You are required to have at least two supervisors and to nominate one as your lead supervisor.
Your supervisors' role is to guide you through your higher degree by research program and usually involves:
When you start at the University of Sydney, you should discuss your proposed progress with your supervisor. You’ll create a research progress plan and outline realistic goals for your research.
You should establish a communication plan that allows you to regularly meet or correspond to discuss your progress. This will help you keep on track and provide an experienced and expert sounding board for your ideas.
You can log your supervision meetings and agreed outcomes in the Supervision meetings section of the Research Education Candidature System (RECS).
Problems sometimes arise between candidates and their supervisor(s). It’s best for these issues to be addressed as quickly as possible.
You may want to consider the following to resolve any difficulties.
If you are not able to resolve any issues directly with your supervisor, you can seek the help of the postgraduate coordinator, head of department/school or any other member of permanent staff.
You can also seek advice and support from the Sydney University Postgraduate Representative Association (SUPRA), the Student Counselling Service or compliance officers (for international students).
You will meet with your supervisor(s) regularly to discuss your progress. Some HDR students meet their supervisors daily, whereas others may rely on monthly formal meetings that are scheduled.
Generally, if a meeting leads to a decision, outcome or required action by you or your supervisor, then it should be logged in RECS.

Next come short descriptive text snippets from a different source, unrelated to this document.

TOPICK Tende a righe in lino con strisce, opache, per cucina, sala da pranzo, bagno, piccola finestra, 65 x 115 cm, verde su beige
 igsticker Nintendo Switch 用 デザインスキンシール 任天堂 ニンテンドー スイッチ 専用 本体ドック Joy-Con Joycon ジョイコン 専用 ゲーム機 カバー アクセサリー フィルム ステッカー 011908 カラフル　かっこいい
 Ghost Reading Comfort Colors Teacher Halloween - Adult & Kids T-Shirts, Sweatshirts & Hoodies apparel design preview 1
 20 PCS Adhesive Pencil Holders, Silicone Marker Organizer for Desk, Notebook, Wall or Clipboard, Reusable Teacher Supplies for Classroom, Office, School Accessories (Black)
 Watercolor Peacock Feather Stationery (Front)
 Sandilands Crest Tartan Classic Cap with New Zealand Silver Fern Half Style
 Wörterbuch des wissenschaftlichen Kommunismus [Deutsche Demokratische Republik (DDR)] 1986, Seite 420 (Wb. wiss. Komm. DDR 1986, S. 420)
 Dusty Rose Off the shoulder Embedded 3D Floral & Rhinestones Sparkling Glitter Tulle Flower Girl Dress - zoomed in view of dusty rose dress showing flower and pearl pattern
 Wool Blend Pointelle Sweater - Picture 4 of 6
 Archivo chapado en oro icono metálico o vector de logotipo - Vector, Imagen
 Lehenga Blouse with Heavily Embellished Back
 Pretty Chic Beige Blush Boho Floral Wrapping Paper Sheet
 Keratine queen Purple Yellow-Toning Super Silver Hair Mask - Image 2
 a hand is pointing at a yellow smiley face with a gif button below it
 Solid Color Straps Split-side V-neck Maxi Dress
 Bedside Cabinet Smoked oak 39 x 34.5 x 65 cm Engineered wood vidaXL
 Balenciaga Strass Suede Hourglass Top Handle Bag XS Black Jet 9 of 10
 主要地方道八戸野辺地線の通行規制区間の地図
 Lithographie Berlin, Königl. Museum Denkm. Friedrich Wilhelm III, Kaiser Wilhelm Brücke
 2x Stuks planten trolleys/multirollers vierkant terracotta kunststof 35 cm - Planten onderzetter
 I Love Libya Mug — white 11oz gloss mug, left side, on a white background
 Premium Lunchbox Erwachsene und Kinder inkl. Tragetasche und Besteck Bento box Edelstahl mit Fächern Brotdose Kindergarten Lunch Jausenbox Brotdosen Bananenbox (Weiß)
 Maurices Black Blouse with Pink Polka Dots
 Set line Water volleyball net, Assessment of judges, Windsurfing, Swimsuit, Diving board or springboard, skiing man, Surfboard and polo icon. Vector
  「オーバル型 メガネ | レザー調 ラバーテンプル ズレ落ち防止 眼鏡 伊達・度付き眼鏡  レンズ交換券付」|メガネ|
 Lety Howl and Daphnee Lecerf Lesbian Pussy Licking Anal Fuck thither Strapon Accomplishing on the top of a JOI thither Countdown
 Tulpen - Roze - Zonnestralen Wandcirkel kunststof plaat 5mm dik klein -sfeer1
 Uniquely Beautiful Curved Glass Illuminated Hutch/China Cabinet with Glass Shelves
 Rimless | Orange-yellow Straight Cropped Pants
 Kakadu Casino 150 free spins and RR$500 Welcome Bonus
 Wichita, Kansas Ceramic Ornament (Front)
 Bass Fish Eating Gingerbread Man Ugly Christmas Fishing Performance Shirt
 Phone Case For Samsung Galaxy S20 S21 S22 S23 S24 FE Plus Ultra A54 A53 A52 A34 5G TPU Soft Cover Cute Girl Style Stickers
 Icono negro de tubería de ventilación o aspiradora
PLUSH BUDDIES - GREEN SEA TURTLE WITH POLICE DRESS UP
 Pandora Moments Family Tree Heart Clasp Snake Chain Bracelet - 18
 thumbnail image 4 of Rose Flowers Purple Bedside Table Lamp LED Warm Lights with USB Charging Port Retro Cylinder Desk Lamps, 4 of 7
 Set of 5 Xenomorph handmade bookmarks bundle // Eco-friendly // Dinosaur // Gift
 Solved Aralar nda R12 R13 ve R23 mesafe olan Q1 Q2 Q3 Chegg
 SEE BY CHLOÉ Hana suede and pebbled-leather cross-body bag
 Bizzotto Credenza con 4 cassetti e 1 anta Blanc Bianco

Log into RECS select ‘My project’, then ‘Supervision meetings’. Here you can review previous meetings by selecting the relevant date or add in an upcoming meeting. After attending a meeting, you can update the date entry with outcomes or required actions. You, or your supervisor, can then convert any required actions to goals or milestones.
Once a meeting has been completed, you can then add a private reflection. This reflection is for your own records and cannot be viewed by your supervisor. If you feel that there are issues with your supervision that need addressing, you can escalate your concerns to a Postgraduate coordinator or Associate Dean. It is really important that if you have issues with your supervision, you raise your concerns as early as possible. We can then work to fix these concerns and help deliver the best outcomes for all involved.
As you progress with your research, you might move into different areas of interest or your thesis topic might change.
In this case it may be beneficial to have additional or alternative advice. You can complement your supervisor’s experience with an academic staff member in another discipline or faculty.
You can also explore Research Supervisor Connect to discover the research interests, experience and publications of University academic staff.
Once you find suitable academic staff, talk to them about your research and supervision options. Consult your current supervisors and discuss any new supervision arrangements.
You can then submit a request to change your supervisor. This will need formal academic approval.
Submit your request through RECS. Go to ‘My project’, ‘Candidature maintenance’ 'Start new request', and then select ‘Change supervisors’ and complete the required form.
If the name of your intended supervisor does not appear in the dropdown list, it means they are not currently registered as a supervisor. In this case we recommend that you discuss this with your lead supervisor or postgraduate research coordinator. If they confirm your selection, the supervisor can be added to the list so that you can confirm your request.